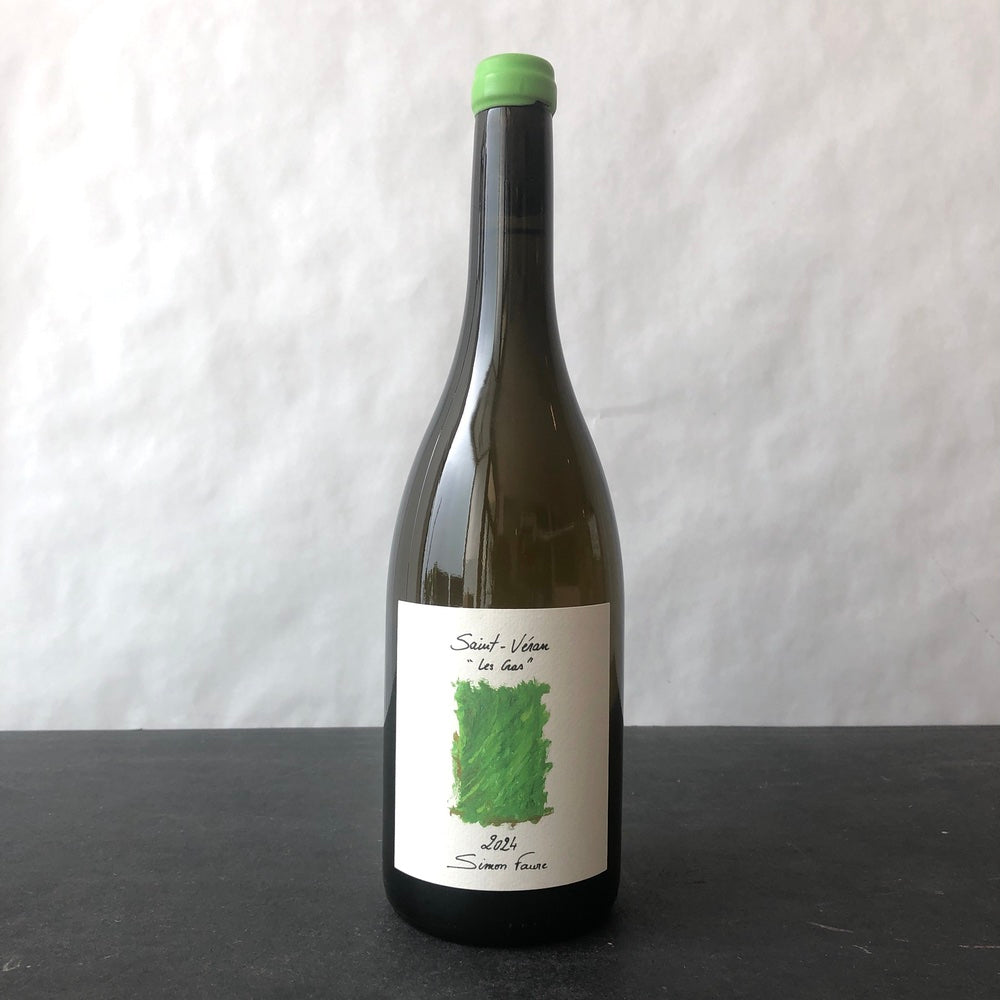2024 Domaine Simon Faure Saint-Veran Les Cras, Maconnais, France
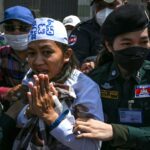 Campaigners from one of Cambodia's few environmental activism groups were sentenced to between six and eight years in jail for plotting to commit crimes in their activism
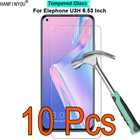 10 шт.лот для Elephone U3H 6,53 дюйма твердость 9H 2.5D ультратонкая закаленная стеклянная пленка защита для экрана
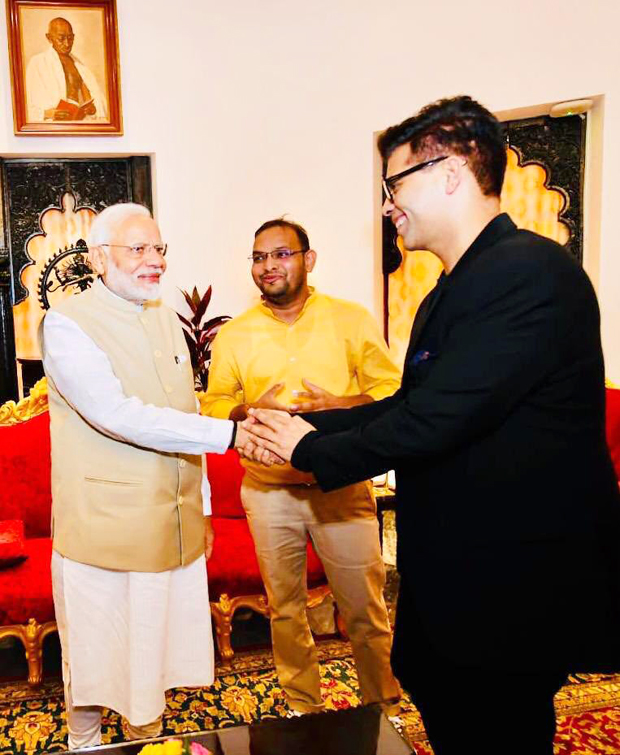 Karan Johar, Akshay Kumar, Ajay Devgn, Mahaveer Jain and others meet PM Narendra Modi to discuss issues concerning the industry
● ● ● ●
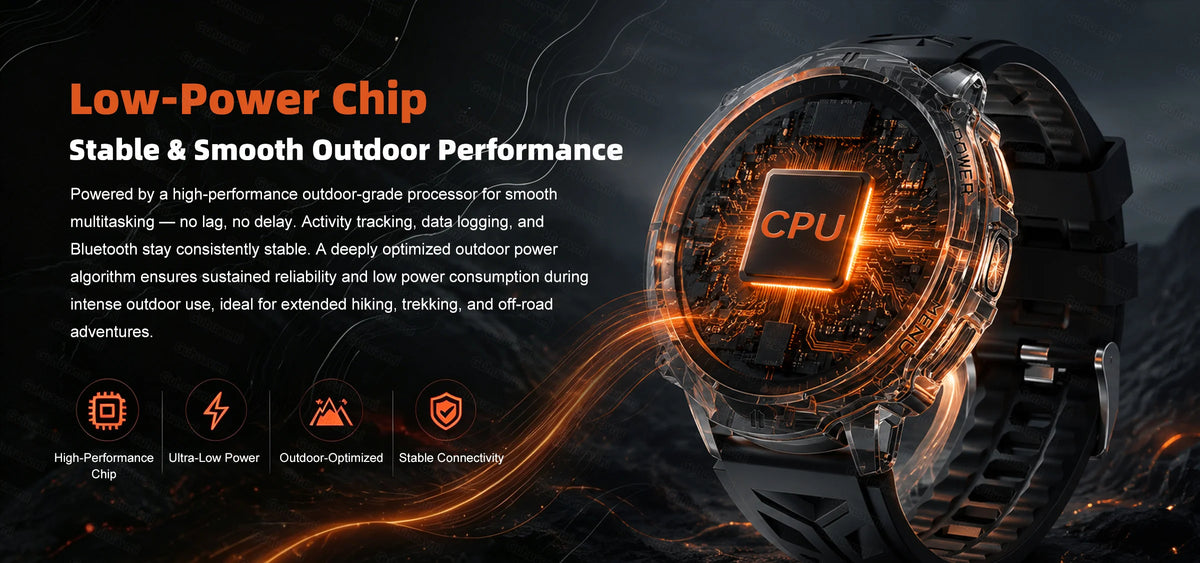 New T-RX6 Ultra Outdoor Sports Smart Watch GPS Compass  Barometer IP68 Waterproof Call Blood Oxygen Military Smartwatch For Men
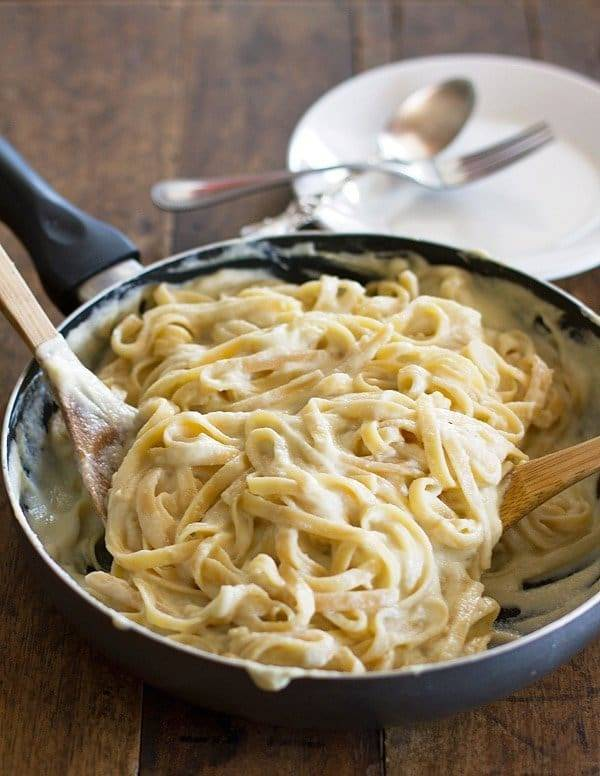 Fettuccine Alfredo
● ● ● ●
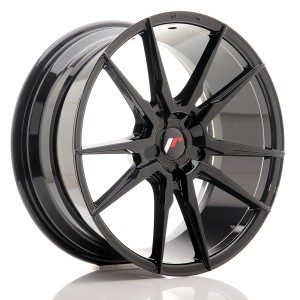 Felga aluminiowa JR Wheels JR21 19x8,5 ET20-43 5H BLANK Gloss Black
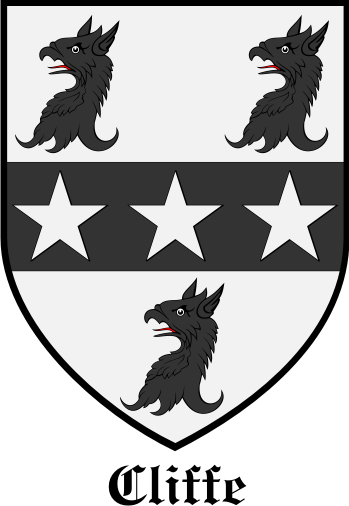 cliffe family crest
● ● ● ●
TASK TO COMPLETE ->
Please transcribe exactly the part of the records that opens with the line containing "2024 Domaine Simon" and closes with the line containing "Karan Johar, Akshay", both ends included, and leave out the pictures.

SOLUTION FOR THIS TASK ->
2024 Domaine Simon Faure Saint-Veran Les Cras, Maconnais, France
 Campaigners from one of Cambodia's few environmental activism groups were sentenced to between six and eight years in jail for plotting to commit crimes in their activism
 10 шт.лот для Elephone U3H 6,53 дюйма твердость 9H 2.5D ультратонкая закаленная стеклянная пленка защита для экрана
 Karan Johar, Akshay Kumar, Ajay Devgn, Mahaveer Jain and others meet PM Narendra Modi to discuss issues concerning the industry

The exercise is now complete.